Undogmatischer Zugang der Firmenchefs

Der undogmatische Zugang der Firmenchefs brachte den Wirtschaftsflügel der ÖVP mit der türkisen Parteiführung in Konflikt. Dort wurde nämlich die Meinung vertreten, dass eine harte Linie in der Asyl- und Migrationspolitik notwendig ist.
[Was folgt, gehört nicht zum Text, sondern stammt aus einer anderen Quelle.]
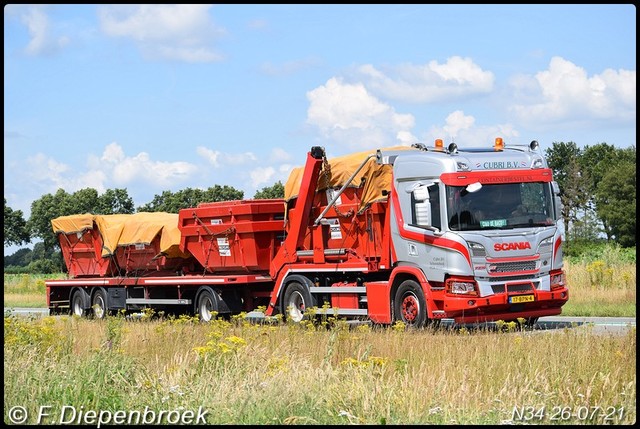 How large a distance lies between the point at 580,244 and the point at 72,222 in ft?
209

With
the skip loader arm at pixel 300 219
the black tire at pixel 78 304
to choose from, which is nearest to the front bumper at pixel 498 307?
the skip loader arm at pixel 300 219

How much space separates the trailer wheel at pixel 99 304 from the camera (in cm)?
2866

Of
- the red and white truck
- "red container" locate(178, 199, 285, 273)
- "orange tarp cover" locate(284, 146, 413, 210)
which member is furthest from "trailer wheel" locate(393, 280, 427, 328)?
"red container" locate(178, 199, 285, 273)

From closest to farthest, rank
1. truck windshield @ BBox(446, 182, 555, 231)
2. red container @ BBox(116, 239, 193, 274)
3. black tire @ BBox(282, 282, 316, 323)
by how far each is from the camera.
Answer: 1. truck windshield @ BBox(446, 182, 555, 231)
2. black tire @ BBox(282, 282, 316, 323)
3. red container @ BBox(116, 239, 193, 274)

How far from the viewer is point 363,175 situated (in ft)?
66.9

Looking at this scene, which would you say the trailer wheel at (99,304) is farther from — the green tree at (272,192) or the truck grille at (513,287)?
the green tree at (272,192)

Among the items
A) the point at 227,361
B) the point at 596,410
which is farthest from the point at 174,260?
the point at 596,410

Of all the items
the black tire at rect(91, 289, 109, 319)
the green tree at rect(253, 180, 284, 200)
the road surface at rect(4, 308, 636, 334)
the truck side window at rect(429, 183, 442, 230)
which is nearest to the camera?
the truck side window at rect(429, 183, 442, 230)

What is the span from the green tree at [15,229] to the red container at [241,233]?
90.3 metres

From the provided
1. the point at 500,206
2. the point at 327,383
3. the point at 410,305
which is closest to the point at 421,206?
the point at 500,206

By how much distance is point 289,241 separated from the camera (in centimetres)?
2220

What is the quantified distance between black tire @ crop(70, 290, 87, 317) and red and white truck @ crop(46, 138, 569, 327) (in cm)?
462

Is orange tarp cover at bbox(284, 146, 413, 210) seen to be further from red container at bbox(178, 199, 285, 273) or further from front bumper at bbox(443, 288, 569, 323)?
front bumper at bbox(443, 288, 569, 323)

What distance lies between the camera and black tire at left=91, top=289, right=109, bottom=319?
2859 centimetres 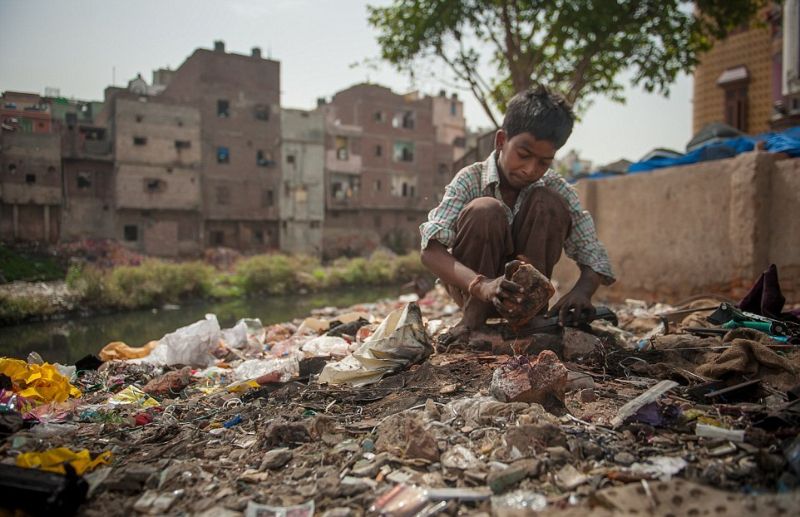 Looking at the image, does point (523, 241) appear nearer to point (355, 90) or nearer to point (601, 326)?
point (601, 326)

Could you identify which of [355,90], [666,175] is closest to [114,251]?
[355,90]

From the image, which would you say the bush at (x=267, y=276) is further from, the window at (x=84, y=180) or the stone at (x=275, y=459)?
the stone at (x=275, y=459)

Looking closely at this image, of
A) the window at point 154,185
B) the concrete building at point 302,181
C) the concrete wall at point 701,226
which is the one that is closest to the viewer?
the concrete wall at point 701,226

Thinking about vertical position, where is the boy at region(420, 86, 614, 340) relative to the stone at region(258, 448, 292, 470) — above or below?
above

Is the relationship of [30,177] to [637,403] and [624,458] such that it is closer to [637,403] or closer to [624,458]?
[637,403]

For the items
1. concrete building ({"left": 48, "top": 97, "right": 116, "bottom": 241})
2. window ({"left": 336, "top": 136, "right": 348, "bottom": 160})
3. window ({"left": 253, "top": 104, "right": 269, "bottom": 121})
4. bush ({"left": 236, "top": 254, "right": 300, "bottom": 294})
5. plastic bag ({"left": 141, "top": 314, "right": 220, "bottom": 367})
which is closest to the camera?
plastic bag ({"left": 141, "top": 314, "right": 220, "bottom": 367})

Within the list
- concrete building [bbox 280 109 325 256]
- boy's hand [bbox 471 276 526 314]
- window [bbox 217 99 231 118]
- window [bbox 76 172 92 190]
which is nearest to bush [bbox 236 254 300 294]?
concrete building [bbox 280 109 325 256]

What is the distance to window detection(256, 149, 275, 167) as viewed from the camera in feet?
87.7

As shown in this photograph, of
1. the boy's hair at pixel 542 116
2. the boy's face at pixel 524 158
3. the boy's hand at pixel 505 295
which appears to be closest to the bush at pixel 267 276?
the boy's face at pixel 524 158

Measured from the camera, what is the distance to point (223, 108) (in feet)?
84.4

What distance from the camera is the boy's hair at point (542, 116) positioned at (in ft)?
8.52

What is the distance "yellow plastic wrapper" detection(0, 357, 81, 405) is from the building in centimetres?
1451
Das aber bedeutet, selbst dann keine Ausnahme zu machen, wenn es die praktikabelste Lösung für alle wäre: für die Asylwerber, die bleiben wollen, die Unternehmen, die Arbeitskräfte suchen, und die Gemeinden, die sich für Neuankömmlinge einsetzen.
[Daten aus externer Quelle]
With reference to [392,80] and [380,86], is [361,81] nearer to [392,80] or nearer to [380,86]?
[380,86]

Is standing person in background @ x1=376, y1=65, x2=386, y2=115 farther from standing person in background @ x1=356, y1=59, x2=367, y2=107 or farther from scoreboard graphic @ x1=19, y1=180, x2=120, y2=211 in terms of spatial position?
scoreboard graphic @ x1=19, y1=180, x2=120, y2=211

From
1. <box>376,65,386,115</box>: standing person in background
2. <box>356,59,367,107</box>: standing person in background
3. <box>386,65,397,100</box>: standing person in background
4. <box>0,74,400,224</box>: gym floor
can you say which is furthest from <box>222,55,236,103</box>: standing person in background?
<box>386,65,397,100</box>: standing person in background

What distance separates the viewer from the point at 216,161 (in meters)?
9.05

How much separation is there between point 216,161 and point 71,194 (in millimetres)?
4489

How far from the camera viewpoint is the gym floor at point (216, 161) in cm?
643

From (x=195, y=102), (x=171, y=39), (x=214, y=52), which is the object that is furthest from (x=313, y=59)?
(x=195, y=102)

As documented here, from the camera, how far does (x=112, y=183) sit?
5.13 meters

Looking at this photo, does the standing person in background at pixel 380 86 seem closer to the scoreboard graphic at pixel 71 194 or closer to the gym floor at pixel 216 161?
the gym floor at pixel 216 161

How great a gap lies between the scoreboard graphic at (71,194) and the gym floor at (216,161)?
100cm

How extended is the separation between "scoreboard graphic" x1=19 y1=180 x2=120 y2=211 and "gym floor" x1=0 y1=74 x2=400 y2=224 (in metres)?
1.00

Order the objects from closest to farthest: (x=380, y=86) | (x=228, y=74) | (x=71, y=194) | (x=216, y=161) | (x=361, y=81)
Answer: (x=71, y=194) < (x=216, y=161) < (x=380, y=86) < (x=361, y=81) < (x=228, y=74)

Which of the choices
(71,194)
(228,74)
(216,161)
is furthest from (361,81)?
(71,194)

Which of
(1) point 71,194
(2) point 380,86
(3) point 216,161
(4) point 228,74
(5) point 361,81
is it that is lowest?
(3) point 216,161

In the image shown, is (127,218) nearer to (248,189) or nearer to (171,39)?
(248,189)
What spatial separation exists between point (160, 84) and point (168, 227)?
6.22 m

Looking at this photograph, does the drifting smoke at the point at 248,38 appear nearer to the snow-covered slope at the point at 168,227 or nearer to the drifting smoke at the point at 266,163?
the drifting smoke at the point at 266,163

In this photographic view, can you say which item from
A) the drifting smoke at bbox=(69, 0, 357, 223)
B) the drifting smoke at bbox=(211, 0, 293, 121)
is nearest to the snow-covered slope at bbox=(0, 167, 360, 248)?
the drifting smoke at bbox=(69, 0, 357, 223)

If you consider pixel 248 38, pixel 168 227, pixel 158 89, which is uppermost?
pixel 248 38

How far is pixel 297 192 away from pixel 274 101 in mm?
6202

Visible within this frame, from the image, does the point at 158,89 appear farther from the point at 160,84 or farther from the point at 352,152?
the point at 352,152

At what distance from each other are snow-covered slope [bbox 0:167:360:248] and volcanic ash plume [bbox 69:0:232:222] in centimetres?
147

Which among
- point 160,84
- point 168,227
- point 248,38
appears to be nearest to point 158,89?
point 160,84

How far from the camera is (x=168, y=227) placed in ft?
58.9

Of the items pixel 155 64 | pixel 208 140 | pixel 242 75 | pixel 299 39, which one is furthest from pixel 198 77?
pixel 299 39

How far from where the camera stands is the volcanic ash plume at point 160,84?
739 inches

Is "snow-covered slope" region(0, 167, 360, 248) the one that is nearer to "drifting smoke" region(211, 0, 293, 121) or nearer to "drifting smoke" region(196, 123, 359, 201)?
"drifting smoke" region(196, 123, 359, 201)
Die Sprengkraft des Themas entdeckt hat der grüne Integrationslandesrat Rudi Anschober aus Oberösterreich. Er hat mit seiner Kampagne für die Lehrlinge Unterstützer bis tief hinein in ÖVP-Milieus gewonnen. Als Folge des Drucks von innen wie außen haben die ÖVP-Chefs in Tirol, Salzburg und Vorarlberg begonnen, eine pragmatische Lösung zu fordern. An der Bundes-ÖVP sind sie abgeprallt. Nach dem Aus der Koalition mit der FPÖ haben sich die Gewichte in der Partei aber verschoben. Nun will auch Oberösterreichs mächtiger Landeshauptmann Thomas Stelzer ein Bleiberecht für Lehrlinge. Daran kommt die Bundes-ÖVP nicht vorbei.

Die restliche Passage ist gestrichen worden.